Accelerator

Erik Schnetter <eschnetter@perimeterinstitute.ca>

May 17, 2012

Abstract

Many accelerators and GPU architectures separate device memory from host memory. While device memory may be directly accessible from the host and vice versa, this may include a significant performance penalty. Such architectures require transferring data between host and device, depending on which routines execute where, and depending on which data these routines read and write.

Thorn Accelerator keeps track of which data are valid where (host or device), and schedules the necessary data transfers.

1 Overview

This thorn keeps track of which grid variables are valid where (host or device).
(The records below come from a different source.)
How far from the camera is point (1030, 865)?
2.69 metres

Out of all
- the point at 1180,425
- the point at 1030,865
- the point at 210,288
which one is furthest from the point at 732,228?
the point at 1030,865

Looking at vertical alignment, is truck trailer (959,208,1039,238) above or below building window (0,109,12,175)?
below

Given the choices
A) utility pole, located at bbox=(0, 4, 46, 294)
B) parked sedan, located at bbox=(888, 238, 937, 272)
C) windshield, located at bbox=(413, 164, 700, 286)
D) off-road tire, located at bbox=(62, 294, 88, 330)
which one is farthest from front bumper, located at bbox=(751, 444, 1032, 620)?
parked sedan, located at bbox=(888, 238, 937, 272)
Grid variables can be valid either nowhere (e.g. in the beginning), only on the host or only on the device (e.g. if the variable was set by a routine executing there), or both on host and device (e.g. if the variable was set on the device and then copied to the host).
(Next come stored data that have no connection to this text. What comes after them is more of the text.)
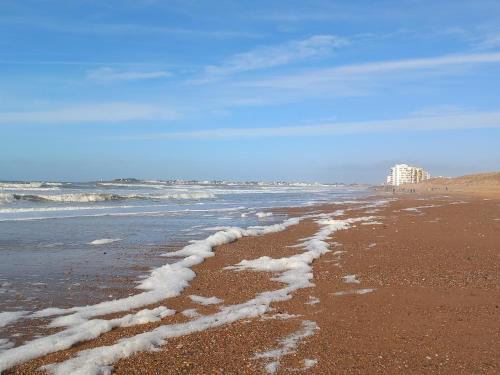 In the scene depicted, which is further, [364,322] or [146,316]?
[146,316]

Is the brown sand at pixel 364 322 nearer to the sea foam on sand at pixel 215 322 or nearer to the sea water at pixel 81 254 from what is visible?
the sea foam on sand at pixel 215 322

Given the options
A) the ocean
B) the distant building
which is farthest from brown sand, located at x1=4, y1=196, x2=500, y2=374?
the distant building

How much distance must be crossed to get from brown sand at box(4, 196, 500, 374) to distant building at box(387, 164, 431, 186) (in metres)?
115

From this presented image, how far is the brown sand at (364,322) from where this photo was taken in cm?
433

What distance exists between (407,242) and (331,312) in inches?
259

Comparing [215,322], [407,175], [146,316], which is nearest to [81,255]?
[146,316]

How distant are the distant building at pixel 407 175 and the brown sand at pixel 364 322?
378ft

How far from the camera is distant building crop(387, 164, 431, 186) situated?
12103 cm

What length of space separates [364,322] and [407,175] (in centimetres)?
12399

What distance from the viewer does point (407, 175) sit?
123312 mm

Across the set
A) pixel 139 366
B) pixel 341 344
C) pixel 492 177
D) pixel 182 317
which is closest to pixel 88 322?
pixel 182 317

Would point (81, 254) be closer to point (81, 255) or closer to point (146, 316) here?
point (81, 255)

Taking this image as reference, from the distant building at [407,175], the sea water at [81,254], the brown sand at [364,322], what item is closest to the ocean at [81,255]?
the sea water at [81,254]

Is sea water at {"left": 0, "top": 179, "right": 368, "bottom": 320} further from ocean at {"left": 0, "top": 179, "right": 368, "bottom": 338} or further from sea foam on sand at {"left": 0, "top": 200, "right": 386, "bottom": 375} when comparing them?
sea foam on sand at {"left": 0, "top": 200, "right": 386, "bottom": 375} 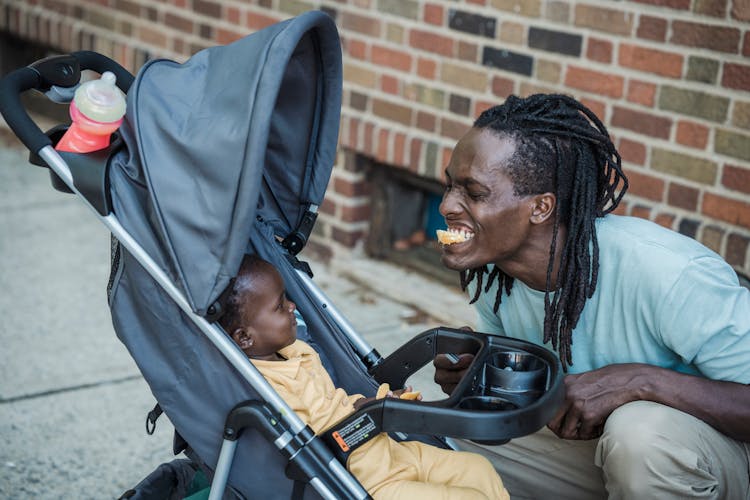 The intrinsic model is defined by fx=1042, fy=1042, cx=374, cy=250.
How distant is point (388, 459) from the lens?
2568 mm

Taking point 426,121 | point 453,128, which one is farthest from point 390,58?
point 453,128

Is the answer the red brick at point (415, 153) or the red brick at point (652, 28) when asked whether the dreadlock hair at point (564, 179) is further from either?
the red brick at point (415, 153)

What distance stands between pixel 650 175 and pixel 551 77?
57cm

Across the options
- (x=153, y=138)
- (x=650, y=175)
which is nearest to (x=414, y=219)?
(x=650, y=175)

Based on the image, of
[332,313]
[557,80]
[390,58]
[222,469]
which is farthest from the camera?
[390,58]

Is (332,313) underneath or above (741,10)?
underneath

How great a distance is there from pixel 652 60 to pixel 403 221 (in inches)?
69.0

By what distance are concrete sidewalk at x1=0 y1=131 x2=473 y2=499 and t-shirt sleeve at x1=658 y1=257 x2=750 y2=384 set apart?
5.17 feet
This thorn also examines the schedule to determine which data are required where, and initiates he necessary copy operations.

2 Details

2.1 Scheduled Routines

2.1.1 Preparation

Just before a scheduled routine executes, this thorn examines the schedule to determine where the routine executes: a routine tagged Device=1 executed on a device, a routine without tag or tagged Device=0 executed on the host.
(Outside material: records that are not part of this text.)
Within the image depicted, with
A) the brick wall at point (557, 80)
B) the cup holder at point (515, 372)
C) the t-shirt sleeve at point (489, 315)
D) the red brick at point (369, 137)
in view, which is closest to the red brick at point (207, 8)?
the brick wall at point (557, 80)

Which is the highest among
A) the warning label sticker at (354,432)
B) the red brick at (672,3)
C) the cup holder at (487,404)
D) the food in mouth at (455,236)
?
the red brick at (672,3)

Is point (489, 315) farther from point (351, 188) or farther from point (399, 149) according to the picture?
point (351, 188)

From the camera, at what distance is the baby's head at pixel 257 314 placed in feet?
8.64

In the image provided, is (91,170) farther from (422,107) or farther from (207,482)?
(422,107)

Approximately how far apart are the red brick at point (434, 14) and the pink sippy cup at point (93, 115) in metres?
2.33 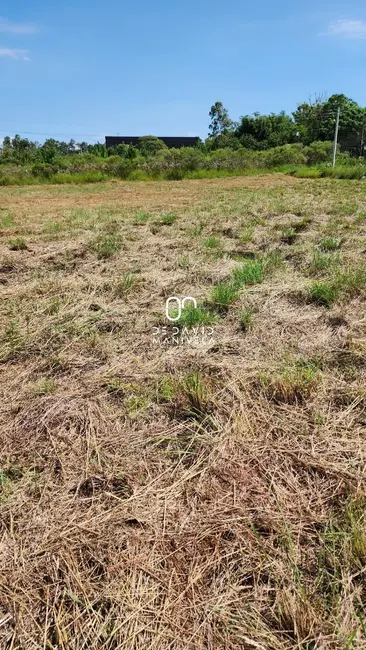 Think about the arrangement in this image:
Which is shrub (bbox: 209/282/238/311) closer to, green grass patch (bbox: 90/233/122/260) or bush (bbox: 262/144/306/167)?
green grass patch (bbox: 90/233/122/260)

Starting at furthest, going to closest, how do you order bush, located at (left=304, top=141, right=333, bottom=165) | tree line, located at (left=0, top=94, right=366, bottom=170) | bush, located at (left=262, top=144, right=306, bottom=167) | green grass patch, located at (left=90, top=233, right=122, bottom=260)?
tree line, located at (left=0, top=94, right=366, bottom=170), bush, located at (left=304, top=141, right=333, bottom=165), bush, located at (left=262, top=144, right=306, bottom=167), green grass patch, located at (left=90, top=233, right=122, bottom=260)

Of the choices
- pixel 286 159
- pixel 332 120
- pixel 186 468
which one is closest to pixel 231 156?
pixel 286 159

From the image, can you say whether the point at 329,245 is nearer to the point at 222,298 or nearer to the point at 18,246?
Result: the point at 222,298

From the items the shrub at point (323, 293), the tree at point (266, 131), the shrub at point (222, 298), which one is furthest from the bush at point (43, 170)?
the shrub at point (323, 293)

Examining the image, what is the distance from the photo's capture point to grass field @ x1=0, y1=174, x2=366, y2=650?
1.01m

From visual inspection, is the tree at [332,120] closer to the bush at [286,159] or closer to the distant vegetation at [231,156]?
the distant vegetation at [231,156]

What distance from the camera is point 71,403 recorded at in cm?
183

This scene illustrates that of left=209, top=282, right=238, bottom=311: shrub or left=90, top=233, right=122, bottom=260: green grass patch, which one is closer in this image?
left=209, top=282, right=238, bottom=311: shrub

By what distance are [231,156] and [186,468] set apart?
2848 cm

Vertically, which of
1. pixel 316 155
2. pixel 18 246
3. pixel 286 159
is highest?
pixel 316 155

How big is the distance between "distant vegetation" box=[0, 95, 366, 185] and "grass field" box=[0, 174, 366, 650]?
16.8m

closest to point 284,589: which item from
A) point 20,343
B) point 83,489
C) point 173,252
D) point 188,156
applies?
point 83,489

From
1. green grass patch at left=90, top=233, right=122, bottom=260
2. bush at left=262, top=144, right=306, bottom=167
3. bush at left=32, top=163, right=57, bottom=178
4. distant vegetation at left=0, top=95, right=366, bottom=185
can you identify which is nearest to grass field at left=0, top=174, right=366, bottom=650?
green grass patch at left=90, top=233, right=122, bottom=260

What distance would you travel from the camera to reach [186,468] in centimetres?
147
The schedule READS declarations for this routine in the schedule.ccl file (see users’ guide). These declarations specify which grid variables will be read by this routine.

Accelerator then ensures that these grid variables have valid data where the routine executes (host or device). If necessary, data are copied. Accelerator does not perform the necessary copy operations itself; these are performed by lower-level accelerator-architecture aware thorns such as e.g. OpenCLRunTime.

The parameter only_reads_current_timelevel can be used to indicate that all routines only ever read the current timelevel. This may e.g. true for thorns using MoL for time integration.

2.1.2 Bookkeeping

Just after a scheduled routine has finished, this thorn examines the WRITES declarations for that routine, and marks these grid variables as valid on the device and invalid on the host if the routine executed on the device, and vice versa.

The parameter only_writes_current_timelevel can be used to indicate that all routines only ever write the current timelevel. This may e.g. true for thorns using MoL for time integration. However, this may not be true for routines setting up initial data, if these routines set up multiple timelevels.

2.2 Synchronisation

Synchronisation is always performed on the host.

Before synchronising, this thorn ensures that all data that are sent to neighbouring processors during synchonisation are valid on the host, by copying these to the host if necessary. Only the data actually necessary for synchronisation are copied.

After synchronising, this thorn copies ghost zone values from the host to the device, for those grid variable for which the device already has otherwise valid data.

2.3 I/O

I/O is always performed on the host.

Before performing I/O, this thorn copies data from the device to the host. Since I/O routines do not (yet?) declare which variables they access, this thorn has to copy back all variables to the host.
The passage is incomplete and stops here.